Status | Description |
---|---|
When a Web page can't be found | When a Web page can't be found. During the course of the web crawling, if a link cannot be resolved (broken link), the server will often return an HTML page (document) reporting this error. The Crawler will still consider this page a valid page and add it to the list of retrieved/identified documents (e.g., to use as input for text mining, or to save to a disk for later processing). In general, Web pages (documents) that report an error will not be automatically filtered out in any way. |
The Web pages (*.html; *.htm) vs. the manual *.html;*.htm filter | There are differences between selecting as the (file) filter (for crawling) web pages (*.html; *.htm) versus manually typing *.html; *.htm into the File Filter edit box (e.g., in the Open Document Files dialog box accessed from the Text Mining dialog box - Quick tab or Advanced tab). When you select the Web pages (*.html; *.htm) filter, every link that the server will return as an HTML MIME (Multipurpose Internet Mail Extensions) type will be retrieved/identified by the crawler. This includes all those pages of type .asp, .cgi, etc., that will (can) return an actual HTML page. If you type in manually as the (file) filter *.html; *.htm, the program will only retrieve/identify pages (documents) with actual .html or .htm extensions. You can try both options with, for example, www.msn.com. As you might expect, using the manual *.html; *htm filter will return/identify not nearly as many pages/documents as are returned if you select the Web pages (*.html;*.htm) filter. Note also that selecting the Web pages (*.html; *.htm) filter will generally require more time because the crawler needs to verify each page during the process. |
Saving Web content (retrieved via crawling) to disk files for later viewing | If you select to save the results of the web-crawling operation to the disk (e.g., for later viewing of the web pages that were retrieved) be sure to clear the Save only filtered file results when crawling check box (in the Document Retrieval dialog box) so that the program will save all the components of the respective pages to the disk.

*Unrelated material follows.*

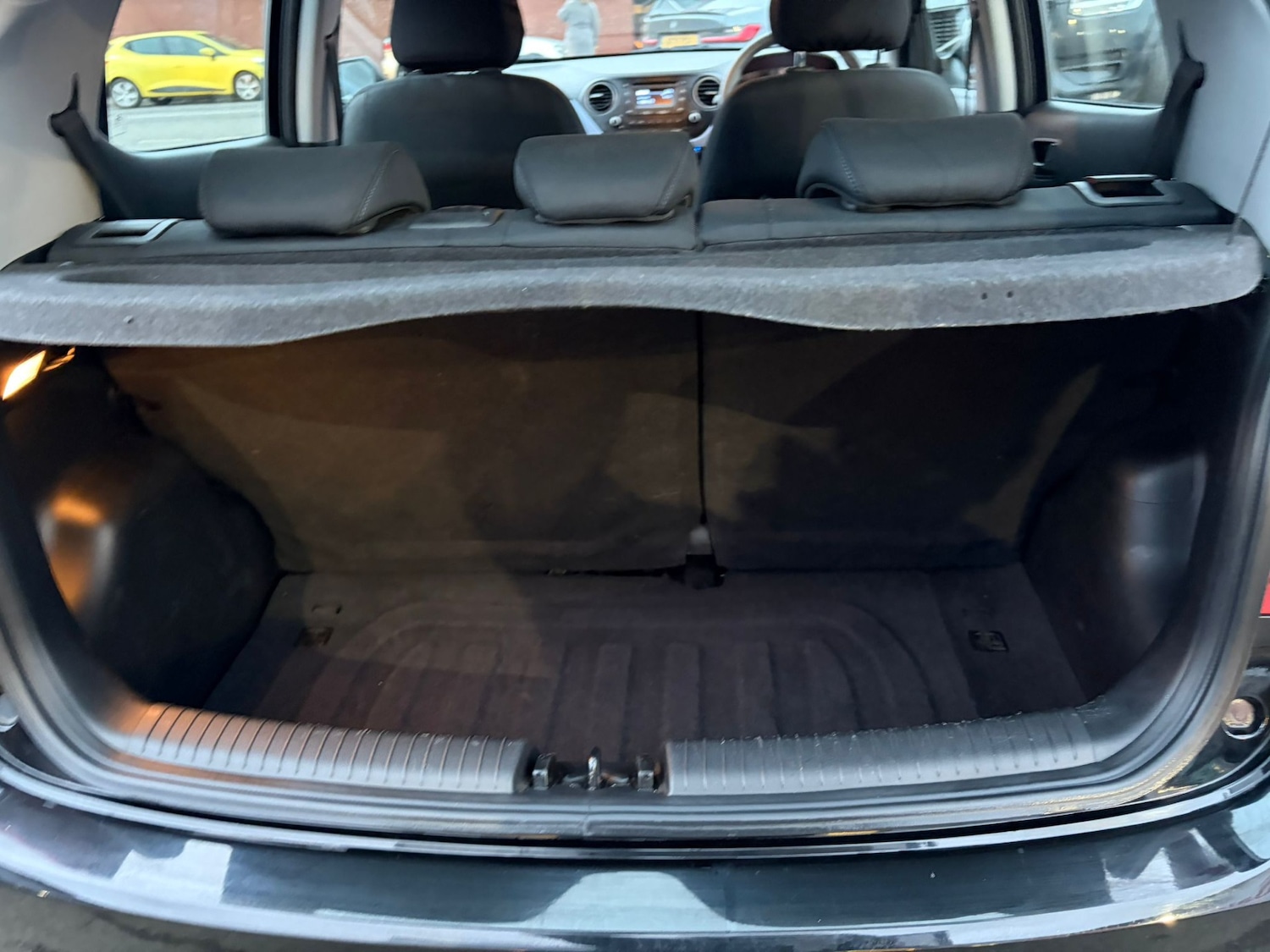 Used Hyundai i10 2016 for sale - 77326605: Photo 17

Hence, by clearing this check box, you will later be able to see the retrieved pages as they were intended to be displayed (by the server). If the Save only filtered file results when crawling check box is selected, the resulting pages that are saved to the disk may be incomplete and not viewable. Selecting the Save only filtered file results when crawling check box is useful when you only want to save specific file types to the disk (e.g., from an intranet site). |
Adjusting the Level of depth parameter to retrieve real content | Some web pages may contain only a few links or scripts (or just one link) to load other pages. You may have to adjust the Level of depth option (in the Document Retrieval and Open Document Files dialog boxes of Text Miner) and request a greater depth, to get to the real content of the respective pages. For example, you may try to crawl - with Level of depth set to 1 - http://statistica.io: At the time of this writing, this web URL only contains a single link to the real content. |